More information about reporting options and resources can be found on the Sexual Misconduct Website.

Class Materials Use

Considering the course syllabus, lectures, handouts, and problem sets as intellectual property, it is requested that students refrain from sharing course materials in any electronic or paper format without permission. Though sharing materials with others in class is acceptable, posting them online is unacceptable.

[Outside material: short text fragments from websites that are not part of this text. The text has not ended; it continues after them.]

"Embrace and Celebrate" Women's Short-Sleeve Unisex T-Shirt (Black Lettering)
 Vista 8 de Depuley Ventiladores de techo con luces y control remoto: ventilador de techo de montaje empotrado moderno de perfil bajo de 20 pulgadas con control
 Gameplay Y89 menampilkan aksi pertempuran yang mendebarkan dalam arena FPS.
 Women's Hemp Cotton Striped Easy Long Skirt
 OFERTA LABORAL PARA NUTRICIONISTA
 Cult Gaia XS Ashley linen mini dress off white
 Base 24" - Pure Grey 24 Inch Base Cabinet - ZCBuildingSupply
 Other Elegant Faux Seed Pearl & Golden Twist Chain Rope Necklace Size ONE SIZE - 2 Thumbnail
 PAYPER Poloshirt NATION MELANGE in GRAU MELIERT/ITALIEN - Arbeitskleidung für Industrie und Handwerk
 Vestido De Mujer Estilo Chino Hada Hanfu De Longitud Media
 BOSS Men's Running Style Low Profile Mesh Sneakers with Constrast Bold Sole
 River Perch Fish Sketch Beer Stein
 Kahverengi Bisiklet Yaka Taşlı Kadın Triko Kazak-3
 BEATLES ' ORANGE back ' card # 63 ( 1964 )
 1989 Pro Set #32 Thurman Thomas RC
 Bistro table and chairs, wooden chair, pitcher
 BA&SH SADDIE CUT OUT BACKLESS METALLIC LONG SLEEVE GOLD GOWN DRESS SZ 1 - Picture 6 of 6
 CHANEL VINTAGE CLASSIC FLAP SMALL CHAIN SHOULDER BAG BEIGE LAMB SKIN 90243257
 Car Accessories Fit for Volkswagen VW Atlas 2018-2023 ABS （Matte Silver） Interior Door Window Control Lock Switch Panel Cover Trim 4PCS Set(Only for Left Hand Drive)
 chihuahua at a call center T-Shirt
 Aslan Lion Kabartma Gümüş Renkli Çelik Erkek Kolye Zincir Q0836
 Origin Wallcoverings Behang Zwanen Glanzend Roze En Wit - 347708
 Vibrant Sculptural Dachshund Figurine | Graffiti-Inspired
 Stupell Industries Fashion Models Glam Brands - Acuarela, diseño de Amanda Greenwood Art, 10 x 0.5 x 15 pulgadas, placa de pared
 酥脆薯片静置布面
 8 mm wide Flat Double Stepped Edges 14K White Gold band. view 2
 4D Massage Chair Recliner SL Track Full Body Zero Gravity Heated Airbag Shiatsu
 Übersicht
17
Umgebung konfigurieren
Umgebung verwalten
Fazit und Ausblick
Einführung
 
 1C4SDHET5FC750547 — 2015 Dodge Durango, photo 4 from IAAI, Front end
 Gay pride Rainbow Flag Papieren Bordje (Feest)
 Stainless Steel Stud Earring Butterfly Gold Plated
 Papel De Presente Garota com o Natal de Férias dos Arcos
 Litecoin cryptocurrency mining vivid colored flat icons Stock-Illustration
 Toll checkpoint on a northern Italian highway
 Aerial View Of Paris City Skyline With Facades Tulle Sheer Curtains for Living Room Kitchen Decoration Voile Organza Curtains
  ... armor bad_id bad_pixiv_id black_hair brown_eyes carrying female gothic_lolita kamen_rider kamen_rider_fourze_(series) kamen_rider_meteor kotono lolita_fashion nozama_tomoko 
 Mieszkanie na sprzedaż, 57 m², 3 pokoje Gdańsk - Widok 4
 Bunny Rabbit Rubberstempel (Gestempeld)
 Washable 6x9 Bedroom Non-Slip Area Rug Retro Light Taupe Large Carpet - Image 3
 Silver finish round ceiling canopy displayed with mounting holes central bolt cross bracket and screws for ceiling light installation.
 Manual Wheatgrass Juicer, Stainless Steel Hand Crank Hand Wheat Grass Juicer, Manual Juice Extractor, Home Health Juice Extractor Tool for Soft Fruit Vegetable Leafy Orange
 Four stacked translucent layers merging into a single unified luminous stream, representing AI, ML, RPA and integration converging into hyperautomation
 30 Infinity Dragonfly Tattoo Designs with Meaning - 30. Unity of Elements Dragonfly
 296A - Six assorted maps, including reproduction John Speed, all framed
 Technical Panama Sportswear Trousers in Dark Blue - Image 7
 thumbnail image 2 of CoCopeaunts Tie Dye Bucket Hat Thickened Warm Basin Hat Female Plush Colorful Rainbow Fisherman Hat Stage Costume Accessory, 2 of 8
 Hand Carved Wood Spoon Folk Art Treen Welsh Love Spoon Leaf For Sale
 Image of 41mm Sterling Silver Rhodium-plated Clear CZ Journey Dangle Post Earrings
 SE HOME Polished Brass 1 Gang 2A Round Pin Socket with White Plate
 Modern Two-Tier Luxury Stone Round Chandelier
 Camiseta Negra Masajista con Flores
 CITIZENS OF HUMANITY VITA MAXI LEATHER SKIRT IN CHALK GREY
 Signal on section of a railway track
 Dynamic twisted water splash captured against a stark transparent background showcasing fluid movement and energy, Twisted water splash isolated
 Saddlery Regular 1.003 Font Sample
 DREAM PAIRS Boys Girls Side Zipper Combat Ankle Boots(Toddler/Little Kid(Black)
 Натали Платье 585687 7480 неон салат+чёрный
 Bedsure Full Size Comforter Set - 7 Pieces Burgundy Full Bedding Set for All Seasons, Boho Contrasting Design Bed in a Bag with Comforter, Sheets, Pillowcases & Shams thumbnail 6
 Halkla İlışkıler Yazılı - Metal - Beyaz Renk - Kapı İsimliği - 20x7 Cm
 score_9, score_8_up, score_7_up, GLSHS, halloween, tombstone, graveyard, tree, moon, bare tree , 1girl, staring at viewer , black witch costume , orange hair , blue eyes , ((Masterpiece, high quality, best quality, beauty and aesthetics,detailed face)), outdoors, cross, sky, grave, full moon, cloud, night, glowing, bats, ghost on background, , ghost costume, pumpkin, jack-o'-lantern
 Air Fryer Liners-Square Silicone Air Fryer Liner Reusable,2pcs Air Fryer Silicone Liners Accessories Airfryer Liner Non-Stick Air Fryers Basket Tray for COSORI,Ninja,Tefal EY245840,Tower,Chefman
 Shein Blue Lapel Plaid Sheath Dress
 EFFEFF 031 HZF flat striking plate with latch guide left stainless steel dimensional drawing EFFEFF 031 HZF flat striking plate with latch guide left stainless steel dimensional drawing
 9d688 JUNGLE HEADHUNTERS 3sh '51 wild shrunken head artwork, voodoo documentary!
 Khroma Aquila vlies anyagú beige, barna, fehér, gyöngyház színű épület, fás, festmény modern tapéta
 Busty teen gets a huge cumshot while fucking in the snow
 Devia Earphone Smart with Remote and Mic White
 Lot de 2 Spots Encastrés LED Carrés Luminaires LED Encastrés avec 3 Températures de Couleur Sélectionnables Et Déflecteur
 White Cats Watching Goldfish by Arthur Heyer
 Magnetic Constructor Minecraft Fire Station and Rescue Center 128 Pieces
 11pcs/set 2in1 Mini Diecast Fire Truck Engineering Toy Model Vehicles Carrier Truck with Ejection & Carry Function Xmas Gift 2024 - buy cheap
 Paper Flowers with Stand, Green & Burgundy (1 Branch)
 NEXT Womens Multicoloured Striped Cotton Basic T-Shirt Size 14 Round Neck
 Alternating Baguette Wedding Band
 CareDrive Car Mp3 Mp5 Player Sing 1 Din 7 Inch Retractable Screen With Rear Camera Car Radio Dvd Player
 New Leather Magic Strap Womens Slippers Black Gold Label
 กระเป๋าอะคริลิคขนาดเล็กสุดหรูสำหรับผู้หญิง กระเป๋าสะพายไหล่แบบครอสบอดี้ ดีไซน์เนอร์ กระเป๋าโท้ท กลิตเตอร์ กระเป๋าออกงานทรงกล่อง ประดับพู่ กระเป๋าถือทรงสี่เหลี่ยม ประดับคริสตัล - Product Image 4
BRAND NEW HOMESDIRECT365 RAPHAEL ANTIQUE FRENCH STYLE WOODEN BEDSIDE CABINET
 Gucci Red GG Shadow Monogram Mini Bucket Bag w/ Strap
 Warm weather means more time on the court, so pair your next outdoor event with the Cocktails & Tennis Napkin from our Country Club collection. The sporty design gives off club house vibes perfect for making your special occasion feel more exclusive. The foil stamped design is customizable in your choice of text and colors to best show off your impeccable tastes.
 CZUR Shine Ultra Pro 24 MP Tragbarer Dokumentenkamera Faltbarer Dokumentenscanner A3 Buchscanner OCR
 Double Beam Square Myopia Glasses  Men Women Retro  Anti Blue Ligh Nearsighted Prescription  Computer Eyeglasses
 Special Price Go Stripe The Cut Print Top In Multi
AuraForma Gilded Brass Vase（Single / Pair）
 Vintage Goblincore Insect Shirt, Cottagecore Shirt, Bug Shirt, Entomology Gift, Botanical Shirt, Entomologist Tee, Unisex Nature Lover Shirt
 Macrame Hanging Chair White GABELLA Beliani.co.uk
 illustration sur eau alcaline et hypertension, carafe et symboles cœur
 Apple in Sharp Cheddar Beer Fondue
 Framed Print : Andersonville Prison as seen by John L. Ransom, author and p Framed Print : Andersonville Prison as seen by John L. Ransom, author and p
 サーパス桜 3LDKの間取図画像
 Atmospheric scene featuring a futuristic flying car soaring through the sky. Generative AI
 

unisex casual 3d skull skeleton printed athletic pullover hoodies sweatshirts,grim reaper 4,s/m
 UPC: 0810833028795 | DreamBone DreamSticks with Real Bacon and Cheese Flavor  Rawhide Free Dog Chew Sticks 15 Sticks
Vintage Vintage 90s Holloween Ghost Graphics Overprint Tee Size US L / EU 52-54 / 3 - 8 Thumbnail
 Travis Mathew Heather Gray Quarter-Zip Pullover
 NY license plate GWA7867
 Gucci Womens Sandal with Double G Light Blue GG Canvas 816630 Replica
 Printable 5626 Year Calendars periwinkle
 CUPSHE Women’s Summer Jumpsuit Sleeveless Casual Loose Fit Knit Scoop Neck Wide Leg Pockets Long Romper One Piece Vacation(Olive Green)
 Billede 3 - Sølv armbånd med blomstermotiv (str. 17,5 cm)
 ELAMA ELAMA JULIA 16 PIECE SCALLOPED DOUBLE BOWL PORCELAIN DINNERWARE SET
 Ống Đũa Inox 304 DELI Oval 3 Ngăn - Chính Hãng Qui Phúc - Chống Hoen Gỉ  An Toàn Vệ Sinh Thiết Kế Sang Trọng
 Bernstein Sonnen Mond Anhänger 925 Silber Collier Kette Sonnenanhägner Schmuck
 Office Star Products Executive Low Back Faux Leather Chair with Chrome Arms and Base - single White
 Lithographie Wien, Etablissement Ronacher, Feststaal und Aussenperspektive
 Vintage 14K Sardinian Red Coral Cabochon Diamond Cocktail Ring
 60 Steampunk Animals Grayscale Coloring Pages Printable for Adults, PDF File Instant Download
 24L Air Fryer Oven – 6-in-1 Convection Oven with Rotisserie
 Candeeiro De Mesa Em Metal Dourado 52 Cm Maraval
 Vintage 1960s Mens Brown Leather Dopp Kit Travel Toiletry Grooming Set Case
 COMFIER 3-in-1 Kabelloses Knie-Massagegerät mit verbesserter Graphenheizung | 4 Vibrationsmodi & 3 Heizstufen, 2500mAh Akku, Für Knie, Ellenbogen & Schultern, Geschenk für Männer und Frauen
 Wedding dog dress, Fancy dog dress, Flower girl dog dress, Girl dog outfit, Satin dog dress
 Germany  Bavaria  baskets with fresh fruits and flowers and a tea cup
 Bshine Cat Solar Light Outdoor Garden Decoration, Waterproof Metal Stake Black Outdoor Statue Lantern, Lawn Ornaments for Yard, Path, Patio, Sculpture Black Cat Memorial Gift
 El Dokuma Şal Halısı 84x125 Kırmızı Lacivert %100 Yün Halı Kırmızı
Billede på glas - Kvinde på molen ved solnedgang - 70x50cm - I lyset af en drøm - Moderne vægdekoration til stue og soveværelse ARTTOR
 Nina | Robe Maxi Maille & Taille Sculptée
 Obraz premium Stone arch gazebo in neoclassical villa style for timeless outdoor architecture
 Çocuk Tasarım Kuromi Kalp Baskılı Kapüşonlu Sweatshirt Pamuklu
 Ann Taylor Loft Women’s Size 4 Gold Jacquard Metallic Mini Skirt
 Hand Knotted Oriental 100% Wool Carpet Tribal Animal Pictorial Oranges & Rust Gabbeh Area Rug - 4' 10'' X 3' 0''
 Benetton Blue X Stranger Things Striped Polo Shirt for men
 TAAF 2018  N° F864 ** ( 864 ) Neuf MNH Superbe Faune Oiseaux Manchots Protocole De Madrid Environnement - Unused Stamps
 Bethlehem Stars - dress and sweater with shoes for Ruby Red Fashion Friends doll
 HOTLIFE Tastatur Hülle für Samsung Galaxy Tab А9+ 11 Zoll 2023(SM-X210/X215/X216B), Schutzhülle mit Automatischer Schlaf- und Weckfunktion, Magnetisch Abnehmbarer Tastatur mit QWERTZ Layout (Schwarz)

If students have any questions, do not hesitate to reach out to the course instructor.

Weekly Assignment

Weekly readings will posted at least one week before each class session on the course website.
Week Topic Notes
January 18, 2023 1 Introduction of Data Science, Getting to Know R
January 25, 2023 2 Data Storage and Data Types
February 01, 2023 3 Data Wrangling (+ R Markdown)
February 08, 2023 4 Data Visualization Problem Set #1 Due
February 15, 2023 5 Data Collection Techniques – APIs and web scraping (+ strings) Problem Set #2 Due
February 22, 2023 6 Working with Geospatial Data (+ dates)
March 01, 2023 7 Statistical Learning (+ iteration and custom functions)
March 15, 2023 8 Working with Regression
March 22, 2023 9 Working with Classification Problem Set #3 Due
March 29, 2023 10 Interpretable Machine Learning Problem Set #4 Due
April 05, 2023 11 Text-as-Data
April 12, 2023 12 Missing Data/Working with Relational Databases
April 19, 2023 13 TBD (Class interest) Problem Set #5 Due
April 26, 2023 14 Final Presentations
May 10, 2023 FINAL PROJECT DUE

Any changes to the above schedule will be communicated to students during class sessions.